Understanding Inherited IRA RMD Rules - Multiple Beneficiaries Question

So I'm trying to wrap my head around the Required Minimum Distribution (RMD) situation for an inherited IRA. Here's where things stand: My dad had a traditional IRA and was taking his RMDs when he passed in August 2023 at 82 years old. My mom inherited it, but she just passed away in February 2024 at 85. Now me and my two siblings have each inherited 1/3 of the IRA. I'm currently 45. I've been staring at Publication 590-B until my brain hurts, but this is what I *think* is happening: 1) I need to take an RMD this year based on the account value as of December 31, 2023 (well, 1/3 of it since it's split between us siblings). The denominator comes from Table III in Appendix B. Mom would've turned 86 this year, so that gives me 15.2 as the denominator. 2) After taking this year's RMD, I don't think I have any more annual RMDs. 3) But I believe I fall under the 10-year rule, meaning I have to empty the entire account by December 31, 2034. I've moved the account from my parents' Edward Jones advisor to Vanguard. I'm hoping Vanguard will handle these calculations, but I'm not confident they have all the details about the inheritance history. Plus, I'd like to understand this myself anyway. Any help making sense of this mess would be greatly appreciated!

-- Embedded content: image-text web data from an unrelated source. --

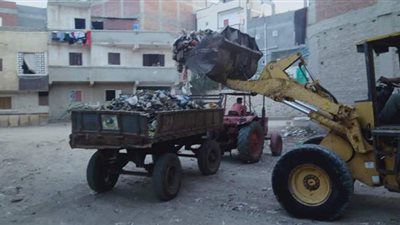 رفع ١٤٨  إشغالاً و ٩٤٥ طن قمامة بالبحيرة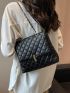 Quilted Flap Chain Square Bag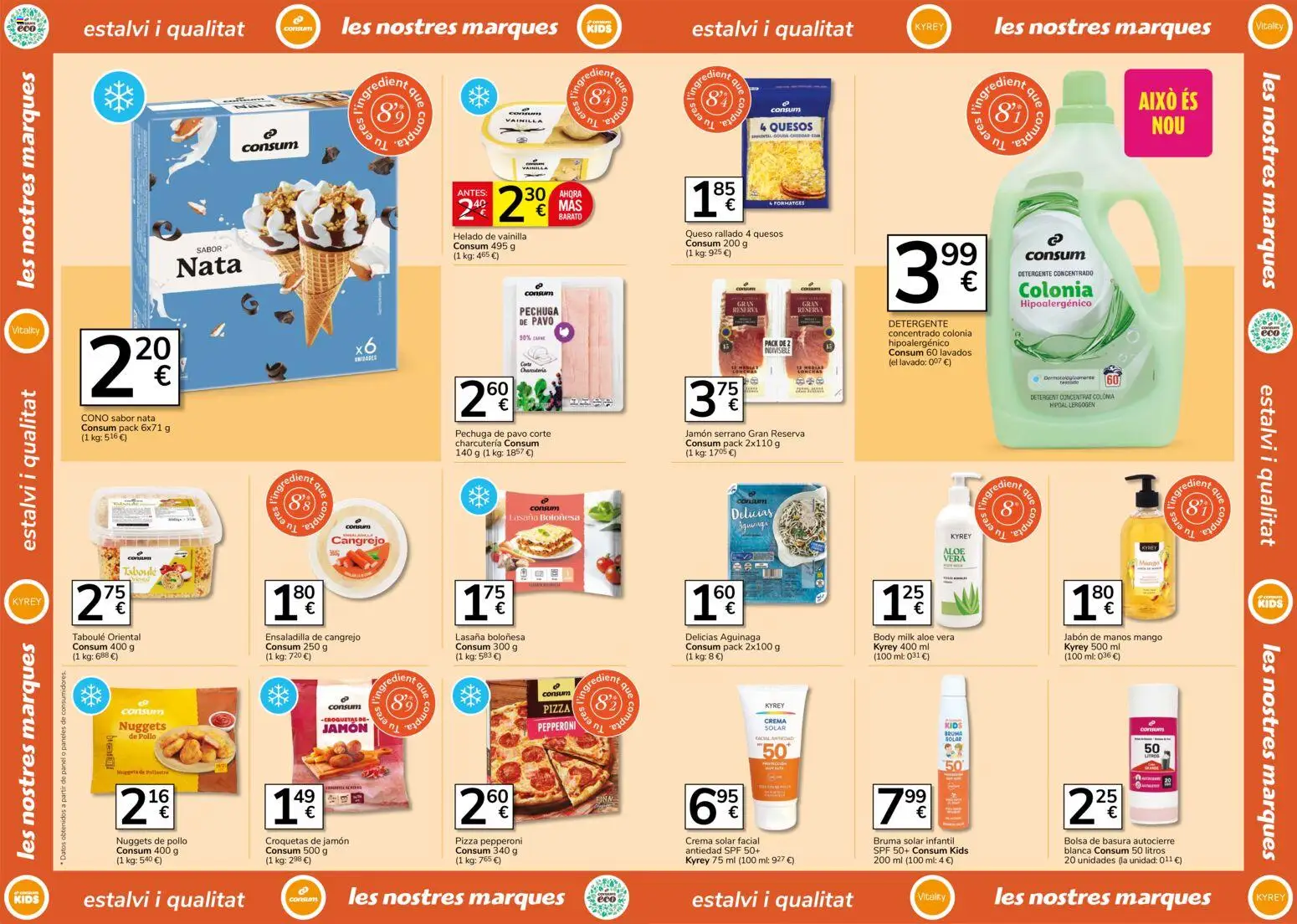 Consum - folleto │ válido desde el 28.05.2026 | Página: 9 | Productos: Jamón, Helado, Bolsa, Croquetas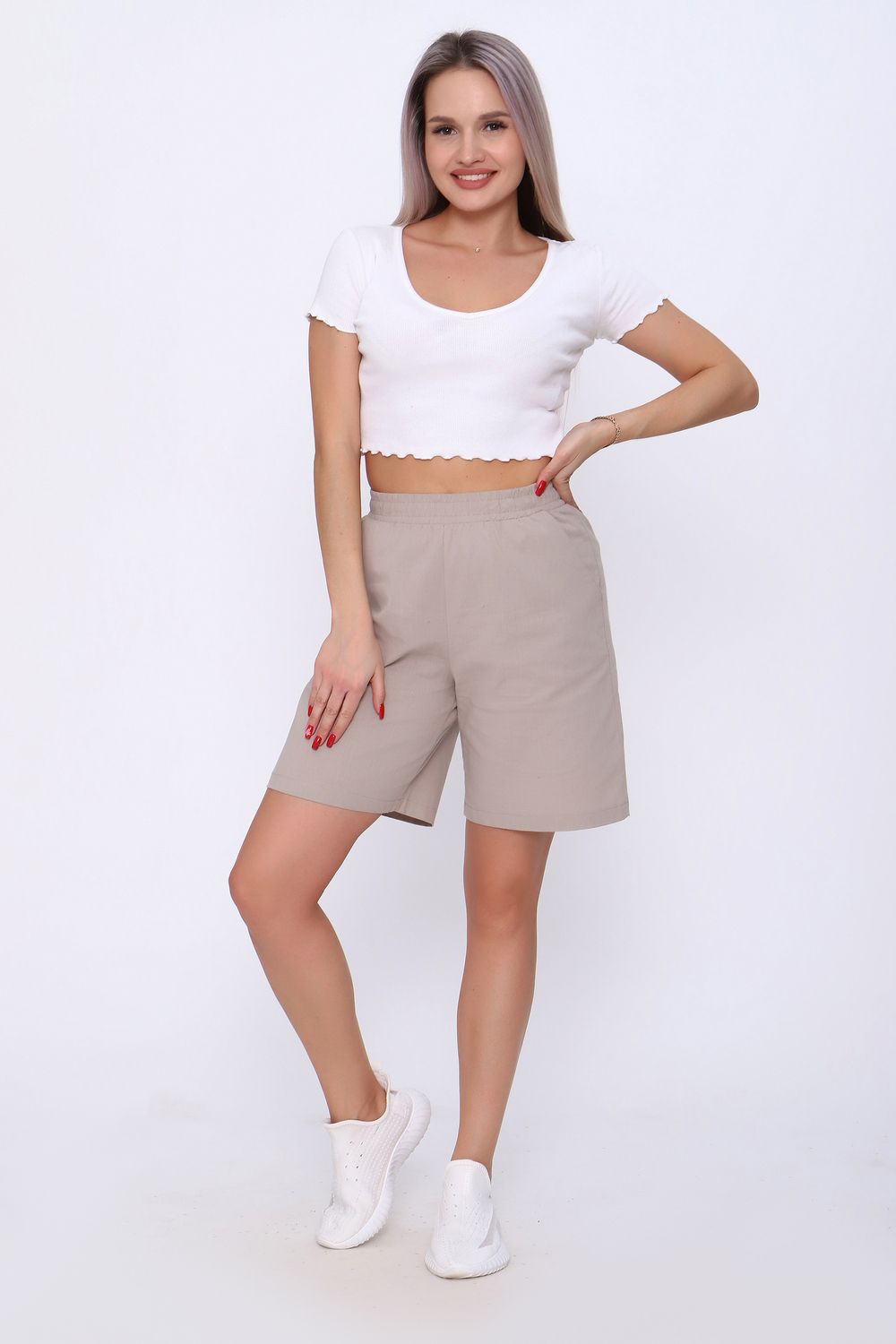 Шорты 20676 - серый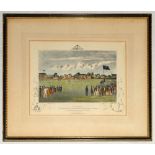 Lithograph, ‘Cricketing. (Lord’s Cricket Ground, St John’s Wood. Match of the Gentlemen & Players)”,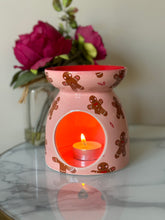 Load image into Gallery viewer, Pink Gingerbread Wax Melt Burner
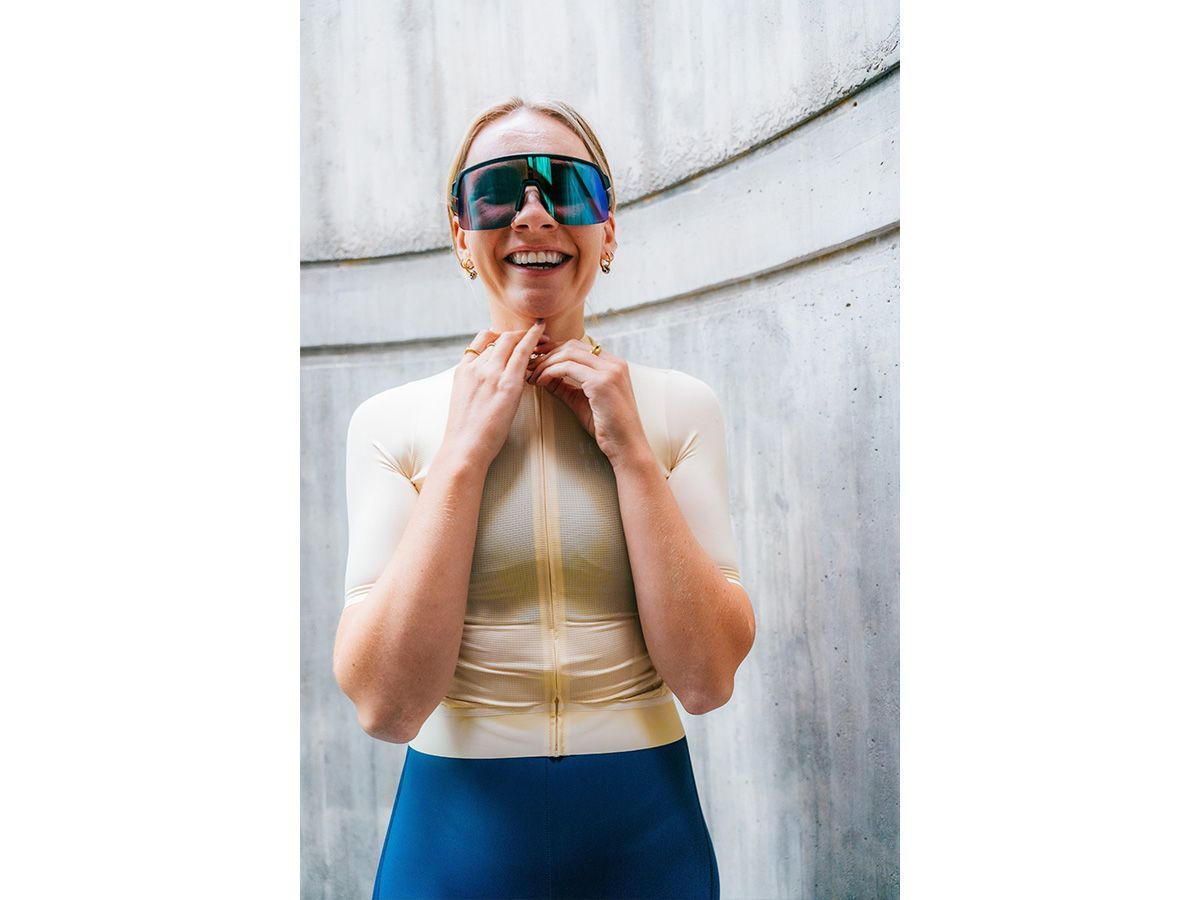 The Service Course Women's Short Sleeve Jersey 女款短袖車衣 - 香草黃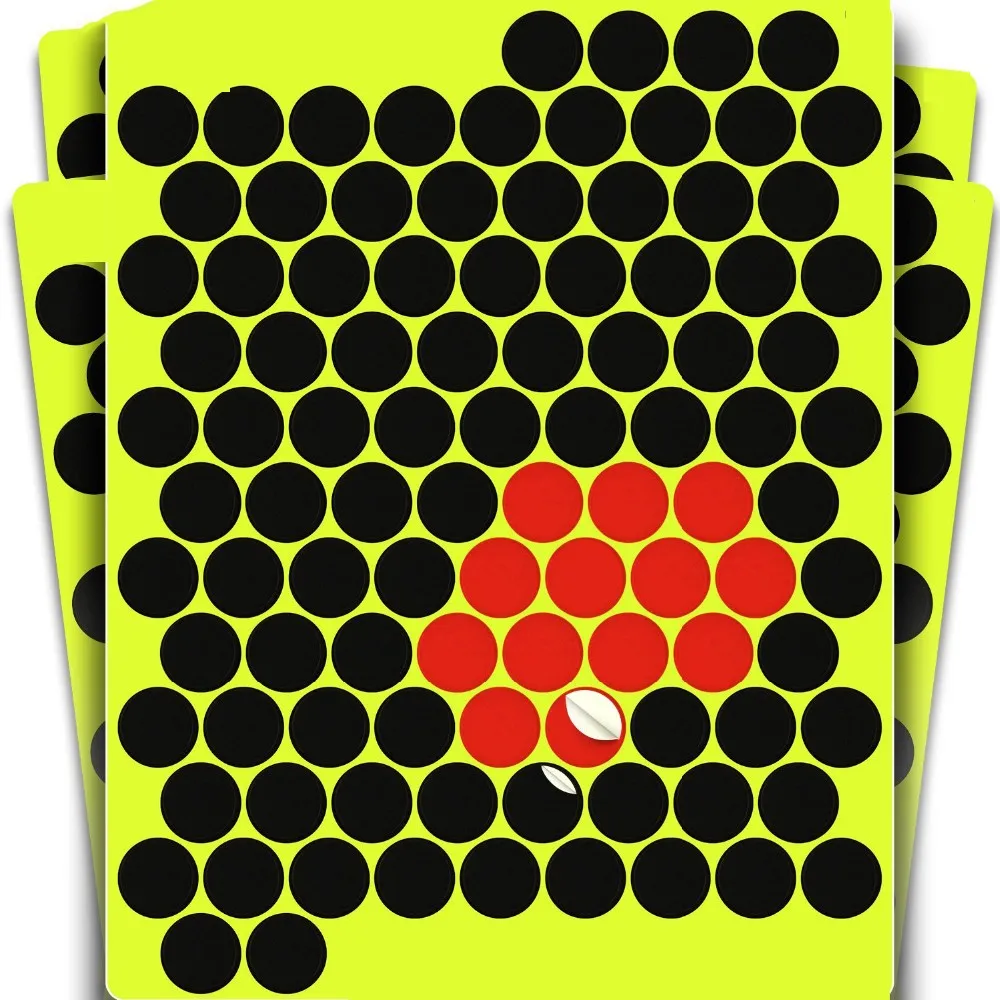 Adhesive Splatter Target Stickers Cover Up Patches For Shooting Targets 3/4" Reactive Peel And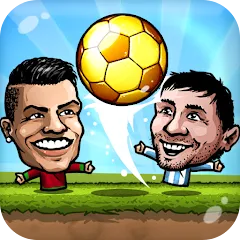 Скачать взломанную Puppet Soccer - Football  [МОД Menu] - последняя версия apk на Андроид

You're mostly on the right track! Since your dad had already started RMDs and your mom was the beneficiary, when you inherited from your mom, you're considered a "successor beneficiary." Here's what that means: 1) Yes, you need to take an RMD this year based on your mom's life expectancy factor from Table I (not Table III). Since she would have been 86 this year, the factor is 14.1. So take your 1/3 share of the Dec 31, 2023 balance and divide by 14.1. 2) You're correct that you don't need to take annual RMDs after this year's distribution. 3) You're also correct about the 10-year rule. As a non-spouse successor beneficiary, you must empty the account by December 31, 2034 (the 10th anniversary of your mom's death). One key thing: make sure Vanguard knows this is a successor beneficiary situation (inherited twice). They should set up the account correctly, but it helps if you understand the rules too. They'll need death certificates for both parents and dates of death to properly code the account.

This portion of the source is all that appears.